Cette petite révolution est significative de la volonté des institutions mexicaines comme de la société civile de reprendre le contrôle d’un récit historique jusque-là largement préempté par l’archéologie européenne. Un chantier de fouille mené depuis la fin des années 1970 symbolise le volontarisme de la recherche au Mexique : celui consacré au Templo Mayor, le cœur de l’ancienne Tenochtitlan et aujourd’hui de la capitale Mexico. Cette dernière est en effet construite sur les ruines de la fascinante cité Mexica rasée par le conquistador Hernán Cortés en 1521. C’est précisément ce chantier exceptionnel, et complexe de par son emplacement en plein centre-ville, qui est présenté au Quai Branly, et pour la première fois en Europe. Le musée parisien bénéficie d’ailleurs de l’expertise du directeur du site, Leonardo López Luján, pour le commissariat de « Mexica ».
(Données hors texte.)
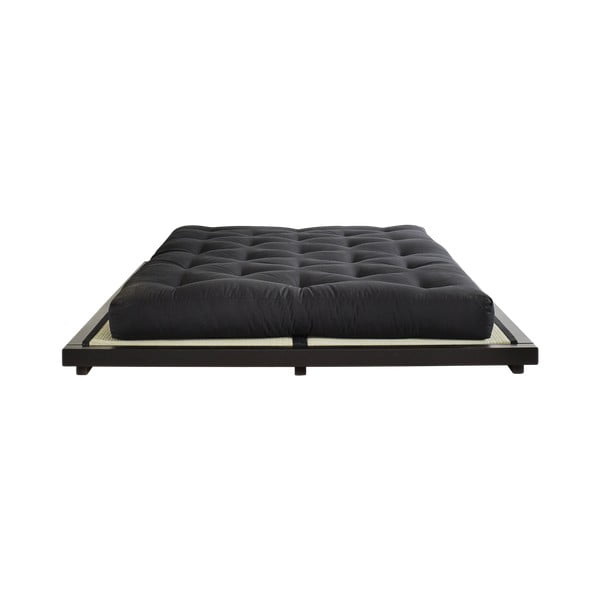 Dvojlôžková posteľ z borovicového dreva s matracom a tatami Karup Design Dock Comfort Mat Black/Black, 160 × 200 cm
Loin des tournées mondiales de trésors archéologiques organisées par certains pays pour doper leur tourisme, l’exposition, fruit d’une collaboration entre les institutions mexicaines et le Quai Branly, est avant tout un moment de divulgation scientifique, alors qu’au pied de la cathédrale de Mexico les fouilles du temple pré-hispanique battent leur plein. « Sur les cartels, nous indiquons qu’il y a 209 offrandes découvertes sur le site, mais l’information est déjà obsolète puisque quatre offrandes supplémentaires l’ont été depuis l’ouverture de l’exposition », indique ainsi Fabienne de Pierrebourg, conservatrice des collections Amériques et co-commissaire.
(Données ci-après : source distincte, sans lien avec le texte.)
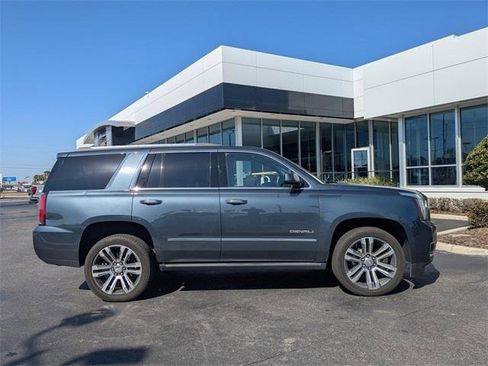 Used 2019 GMC Yukon Denali w/ Denali Ultimate Package image 3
Ces offrandes constituent le cœur des recherches archéologiques actuelles, comme de l’exposition présentée à Paris. Le parcours est construit tel un cheminement vers une vaste salle où sont présentés les dons des Mexicas destinés à leurs dieux, dons qu’ils enterraient sur les remblais de la pyramide du Templo Mayor. Dominé par une évocation de la silhouette du temple principal de Tenochtitlan, cet espace est divisé en deux séquences : à droite, une recension des objets, matériaux, animaux, et même restes humains qui constituent ces offrandes ; à gauche, la reconstitution d’offrandes complètes dans leur contenant. Ce propos en deux temps permet de comprendre que les offrandes étaient constituées de produits d’importation luxueux, d’animaux étrangers aux rives de lac Texcoco et gardés dans le vivarium impérial avant leur sacrifice, et aussi d’humains dont des enfants, dans des proportions toutefois bien moindres que celles des massacres présentés par les sources coloniales (seules 1 500 victimes sacrificielles ont été découvertes, loin des 80 000 victimes en une seule cérémonie évoquée par des documents espagnols).
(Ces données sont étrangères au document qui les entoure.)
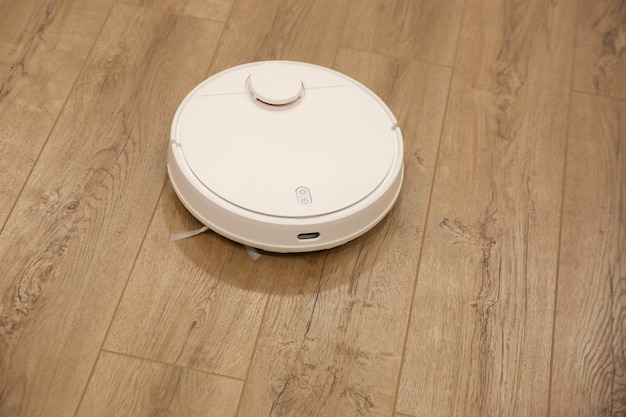 Aspirateur robot sur stratifié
Ces offrandes, contenues dans des jarres ou des coffres en pierre présentant souvent des dépouilles d’animaux parés d’or, renvoient à des rituels exceptionnels dans la vie des Mexicas : la plupart des offrandes faites de produits périssables n’ont laissé aucune trace archéologique. Pour comprendre la pratique sophistiquée de ces dons faits aux dieux, une bonne connaissance de la religion des Mexicas est nécessaire. C’est tout le défi de la première partie de l’exposition, qui doit permettre aux visiteurs de se familiariser en quelques salles avec les concepts principaux des croyances méso-américaines : le dualisme, qui organise le monde par opposition (sec/humide, lumière/ténèbres, etc.), et surtout la structure du monde en trois couches (inframonde, monde terrestre, monde céleste) soutenues par quatre piliers et un axis mundi central. Il faut souligner ici la clarté du travail graphique qui parvient à rendre intelligible, à l’aide de schémas, cette cosmogonie complexe, et les solutions scénographiques trouvées pour l’incarner de manière tangible. La qualité des prêts mexicains (du monumental aigle ouvrant le parcours à l’effrayante statue du dieu de la Mort, Mictlantecuhtli) illustrant ce petit catéchisme Mexica permet de se familiariser avec un panthéon prolifique : si les noms de Quetzalcoatl ou Huitzilopochtli restent difficiles à mémoriser, le parcours permet d’identifier rapidement leurs représentations grâce à leurs attributs.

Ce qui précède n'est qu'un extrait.